▶ **About this task**: Copy all records exactly, excluding images.

(Image-text web data)
*****

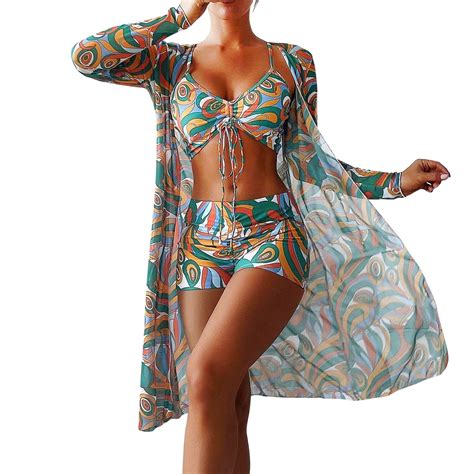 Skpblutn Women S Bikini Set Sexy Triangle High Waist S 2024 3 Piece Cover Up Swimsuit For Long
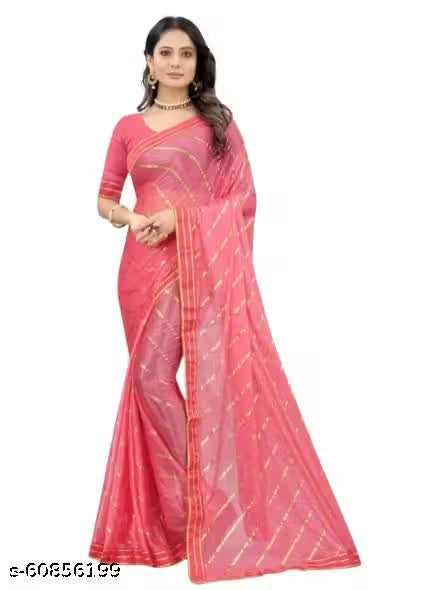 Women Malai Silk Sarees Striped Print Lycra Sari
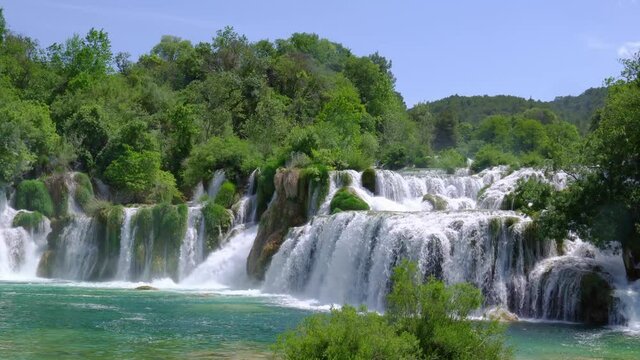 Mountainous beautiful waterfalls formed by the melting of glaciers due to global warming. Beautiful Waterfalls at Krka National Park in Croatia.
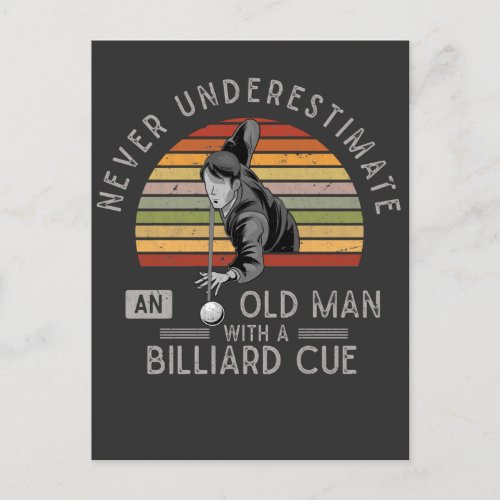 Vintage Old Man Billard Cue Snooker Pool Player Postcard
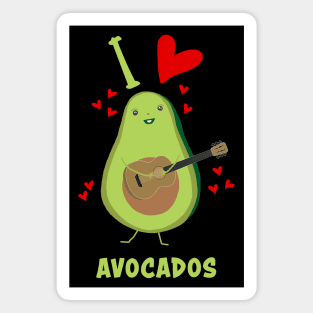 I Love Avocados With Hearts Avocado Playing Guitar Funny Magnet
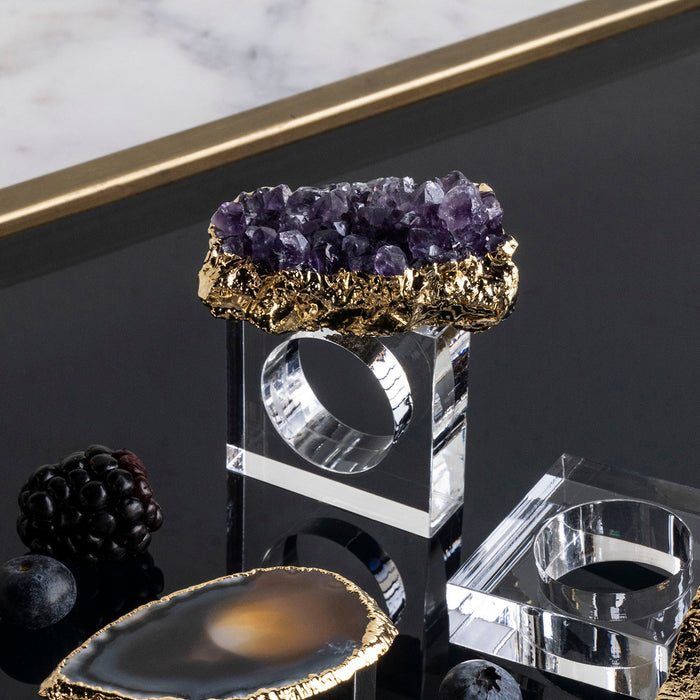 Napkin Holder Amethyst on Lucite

*****

▶ **Exercise answer**:
 Skpblutn Women S Bikini Set Sexy Triangle High Waist S 2024 3 Piece Cover Up Swimsuit For Long
 Women Malai Silk Sarees Striped Print Lycra Sari
 Mountainous beautiful waterfalls formed by the melting of glaciers due to global warming. Beautiful Waterfalls at Krka National Park in Croatia.
 Vintage Old Man Billard Cue Snooker Pool Player Postcard
 I Love Avocados With Hearts Avocado Playing Guitar Funny Magnet
 Napkin Holder Amethyst on Lucite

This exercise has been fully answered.